Captioned web image data:
BEGIN
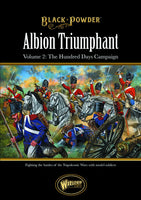 Albion Triumphant Volume 2 The Hundred Days campaign -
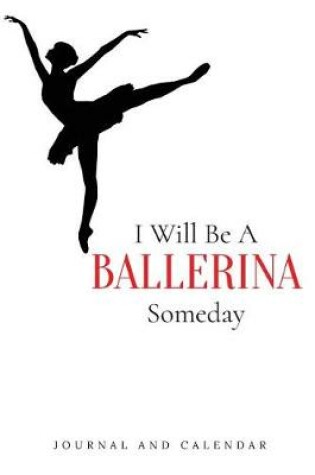 Cover of I Will Be a Ballerina Someday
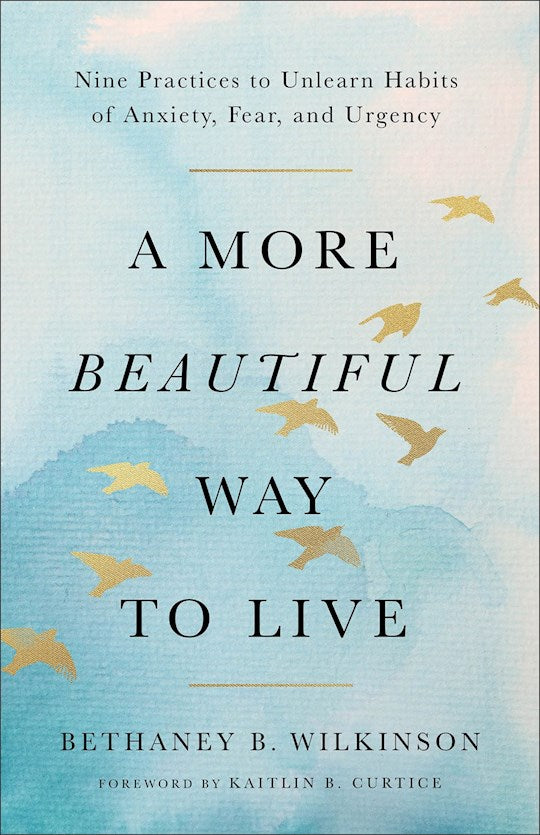 A More Beautiful Way To Live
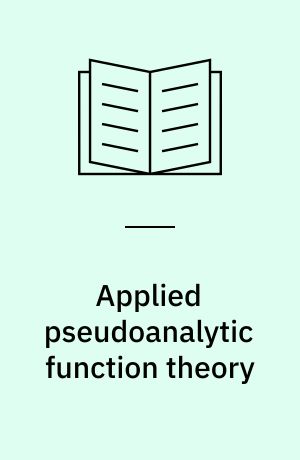 Applied pseudoanalytic function theory
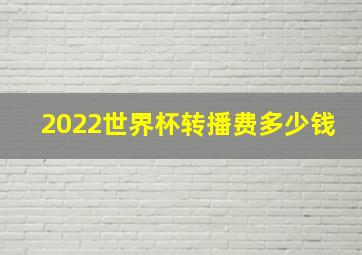 2022世界杯转播费多少钱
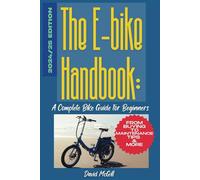 The E-Bike Handbook: The E-Bike Handbook: A Complete Guide for Beginners From buying To maintenance Tips & More 2024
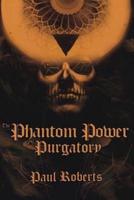 The Phantom Power of Purgatory
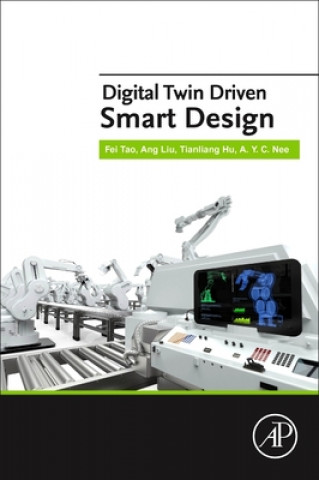 Kniha Digital Twin Driven Smart Design Ang Liu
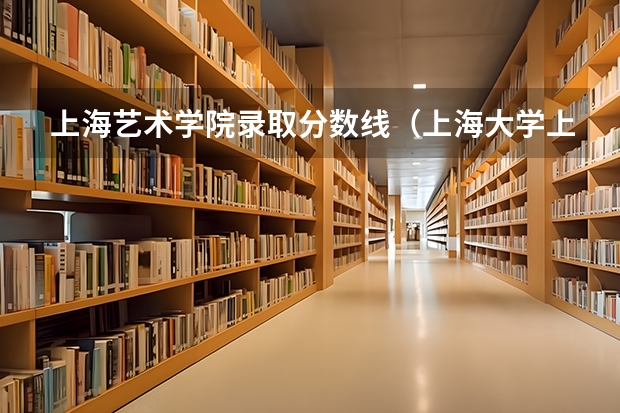 上海艺术学院录取分数线（上海大学上海美术学院录取分数线）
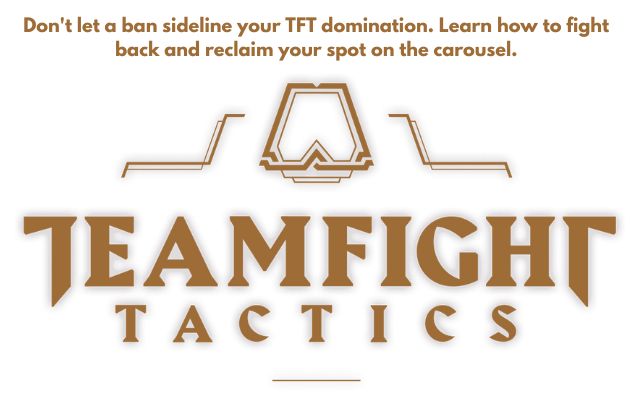 Teamfight Tactics Unban Account Appeal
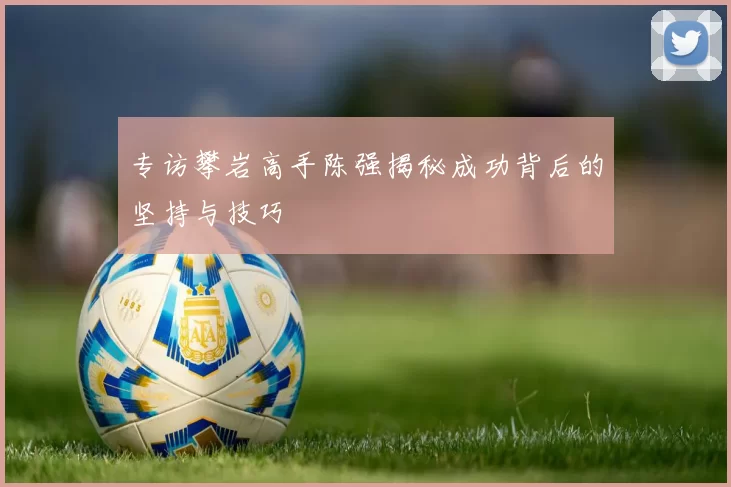 专访攀岩高手陈强揭秘成功背后的坚持与技巧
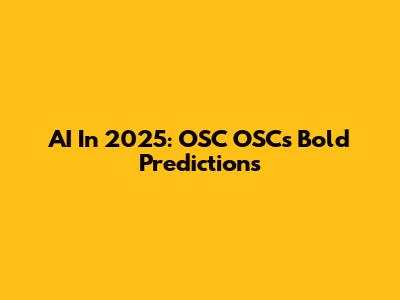 AI In 2025: OSC OSC's Bold Predictions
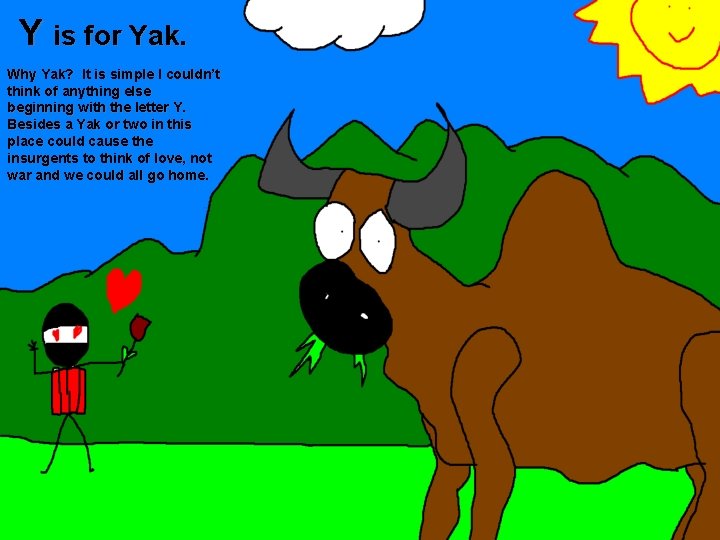 Y is for Yak. Why Yak? It is simple I couldn’t think of anything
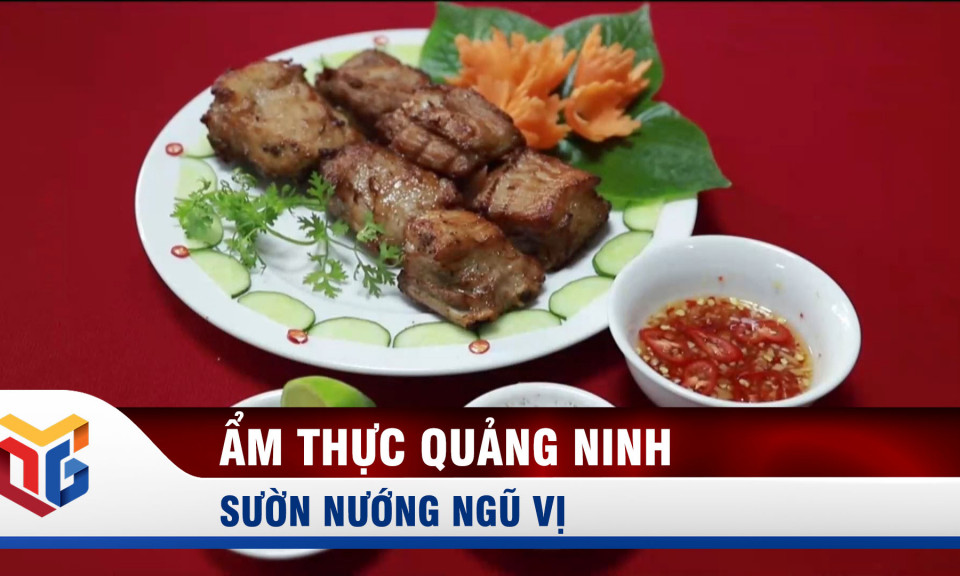 Ẩm thực Quảng Ninh: Sườn nướng ngũ vị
END
Each record should be given again exactly, with no picture carried over.

 Albion Triumphant Volume 2 The Hundred Days campaign -
 Cover of I Will Be a Ballerina Someday
 A More Beautiful Way To Live
 Applied pseudoanalytic function theory
 2022世界杯转播费多少钱
 The E-Bike Handbook: The E-Bike Handbook: A Complete Guide for Beginners From buying To maintenance Tips & More 2024
 The Phantom Power of Purgatory
 Kniha Digital Twin Driven Smart Design Ang Liu
 上海艺术学院录取分数线（上海大学上海美术学院录取分数线）
 Teamfight Tactics Unban Account Appeal
 专访攀岩高手陈强揭秘成功背后的坚持与技巧
 AI In 2025: OSC OSC's Bold Predictions
 Y is for Yak. Why Yak? It is simple I couldn’t think of anything
 Ẩm thực Quảng Ninh: Sườn nướng ngũ vị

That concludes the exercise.